# Required action
Transcribe the records that follow in their entirety, omitting any pictures.

# Data shown
....................

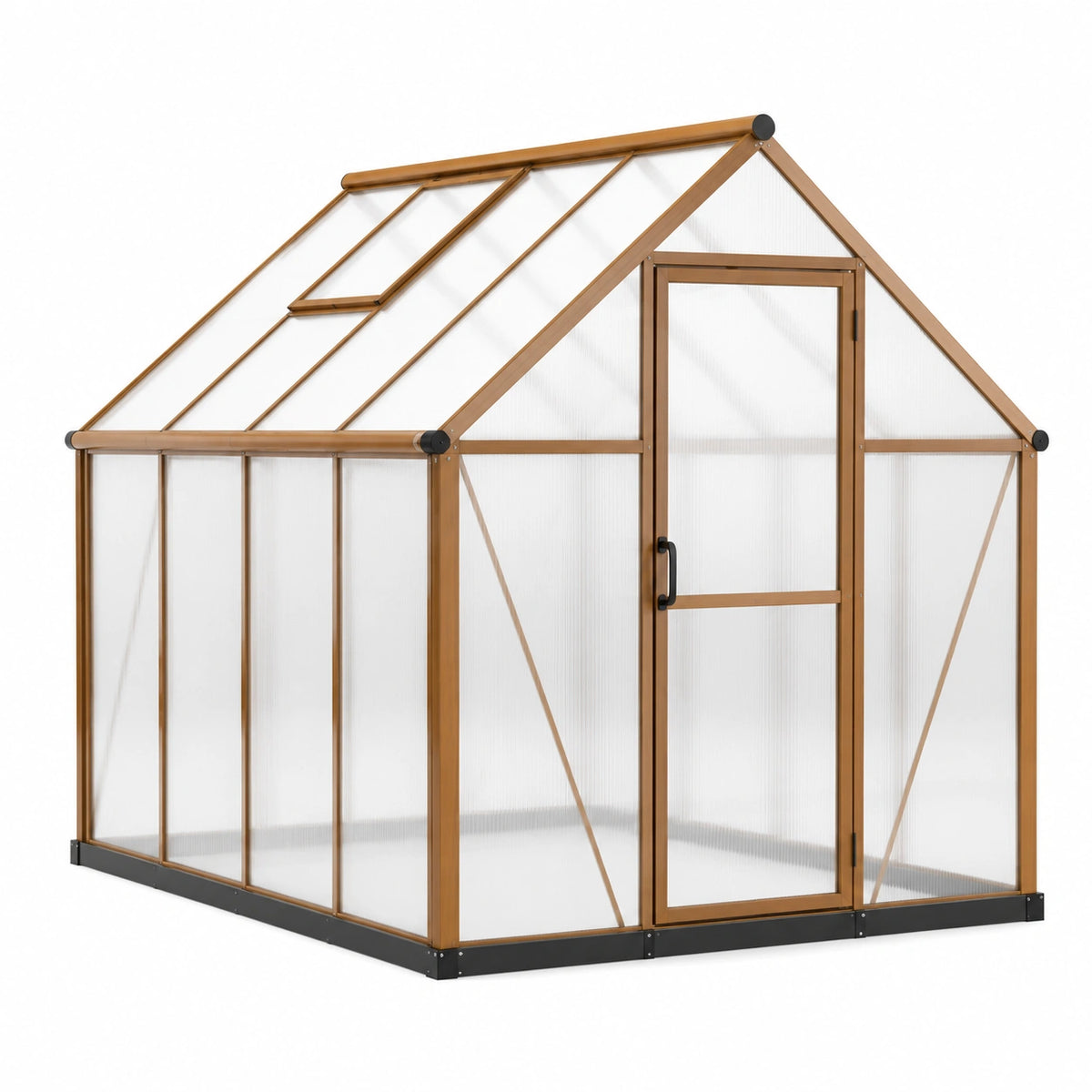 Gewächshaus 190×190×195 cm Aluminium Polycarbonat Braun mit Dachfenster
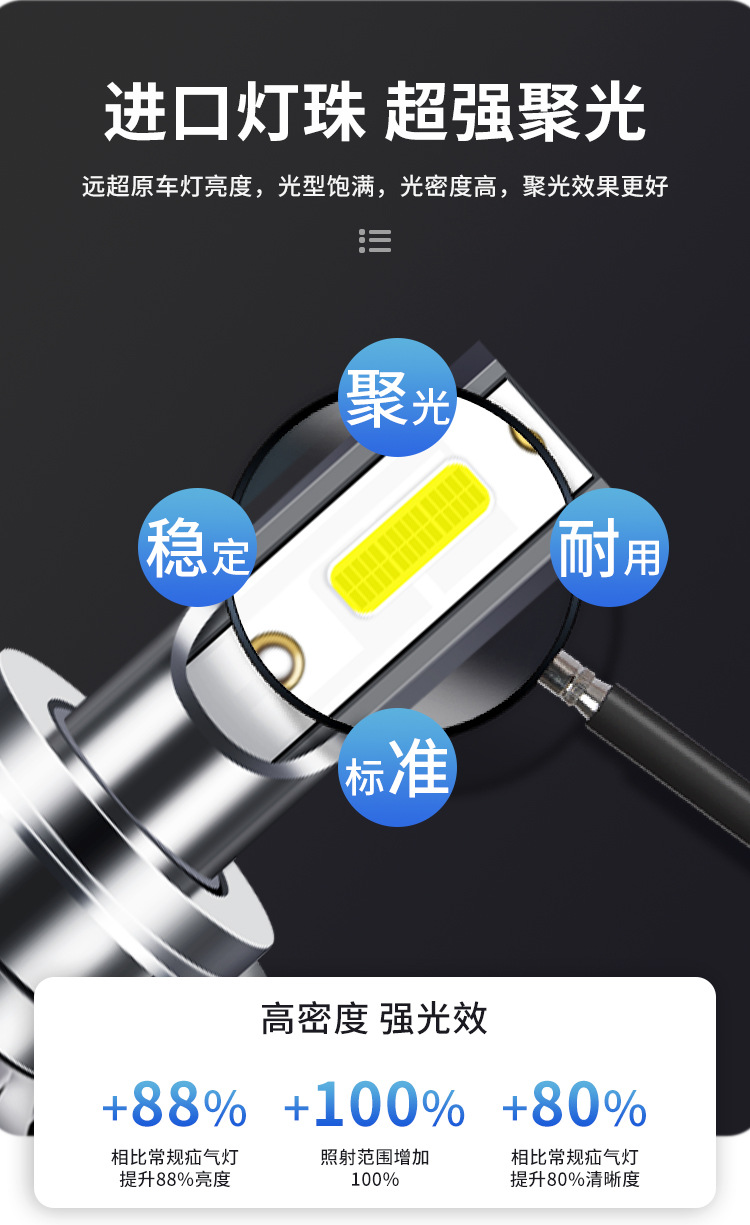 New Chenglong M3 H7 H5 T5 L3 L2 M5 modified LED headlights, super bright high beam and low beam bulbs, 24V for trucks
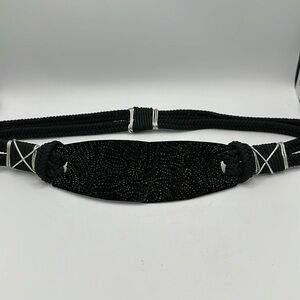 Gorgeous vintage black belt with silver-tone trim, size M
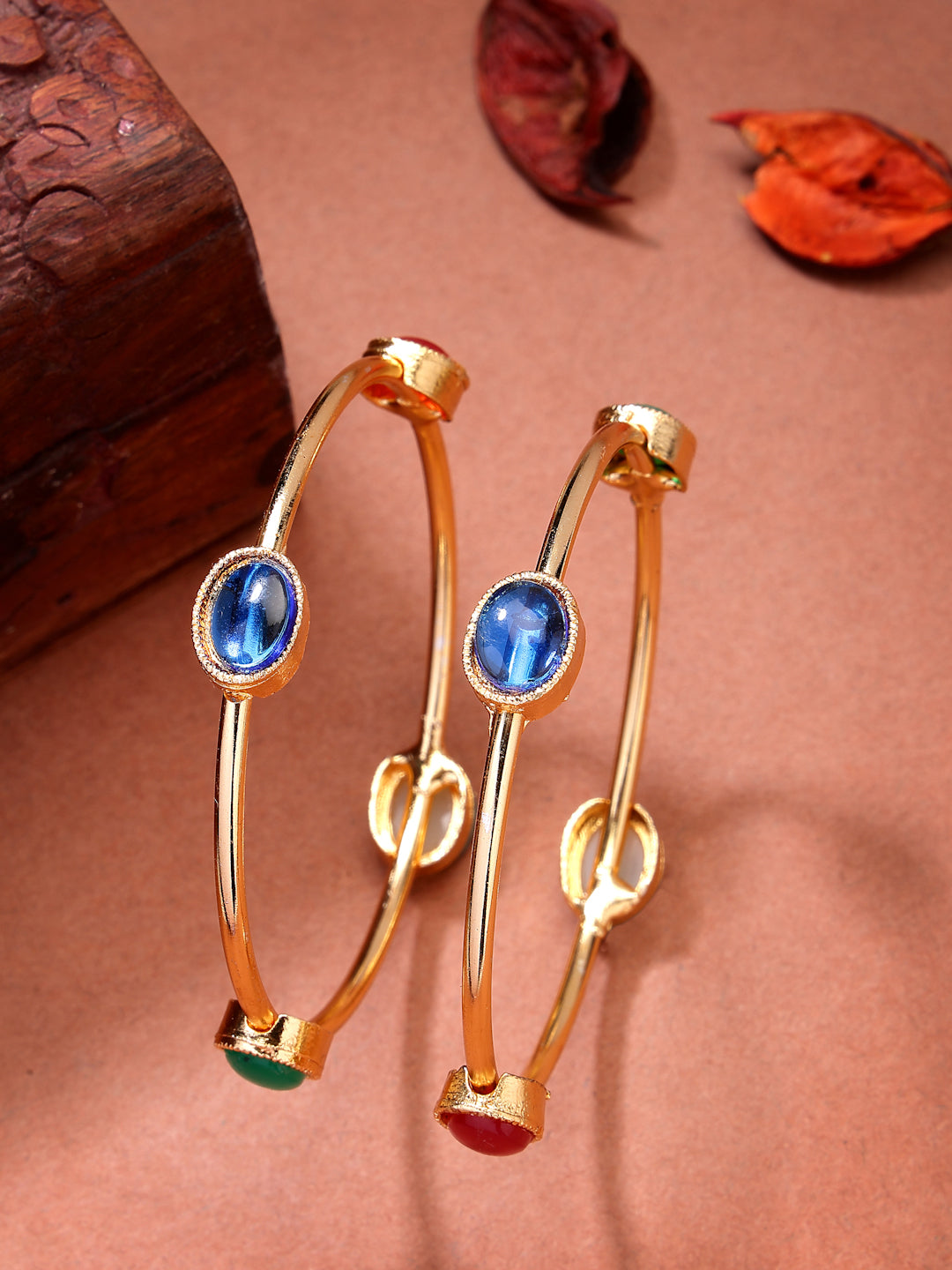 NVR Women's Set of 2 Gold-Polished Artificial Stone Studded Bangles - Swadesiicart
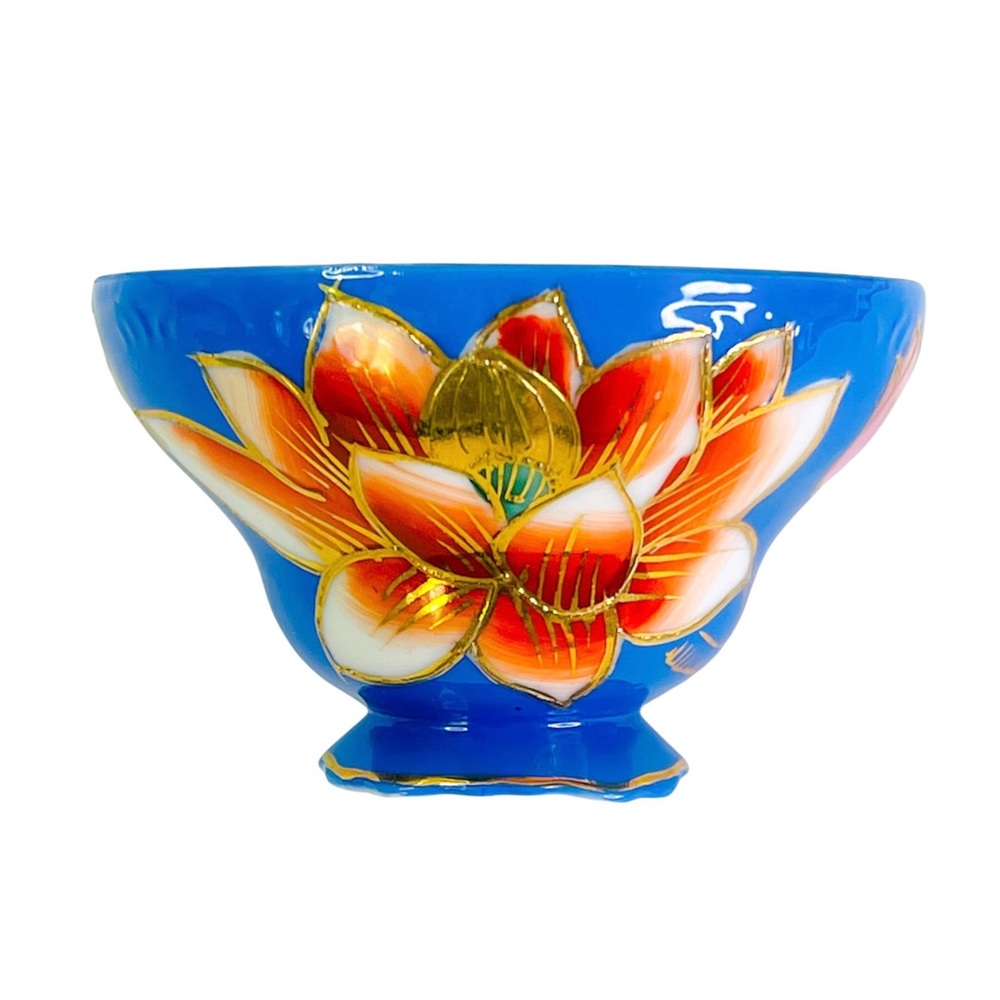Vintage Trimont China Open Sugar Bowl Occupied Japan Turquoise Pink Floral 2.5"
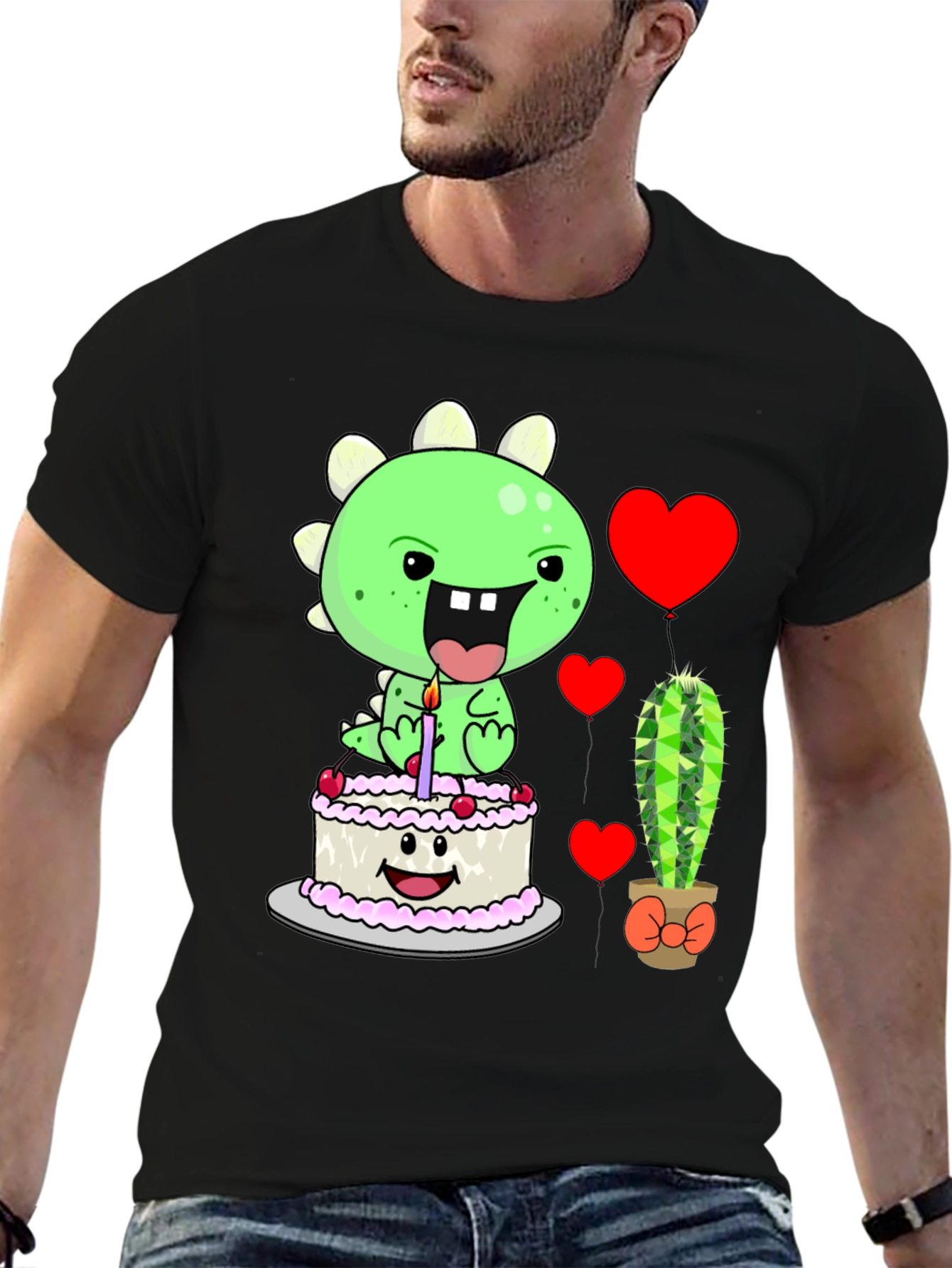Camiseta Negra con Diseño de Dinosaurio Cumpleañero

....................

# Your solution
 Gewächshaus 190×190×195 cm Aluminium Polycarbonat Braun mit Dachfenster
 New Chenglong M3 H7 H5 T5 L3 L2 M5 modified LED headlights, super bright high beam and low beam bulbs, 24V for trucks
 Gorgeous vintage black belt with silver-tone trim, size M
 NVR Women's Set of 2 Gold-Polished Artificial Stone Studded Bangles - Swadesiicart
Vintage Trimont China Open Sugar Bowl Occupied Japan Turquoise Pink Floral 2.5"
Camiseta Negra con Diseño de Dinosaurio Cumpleañero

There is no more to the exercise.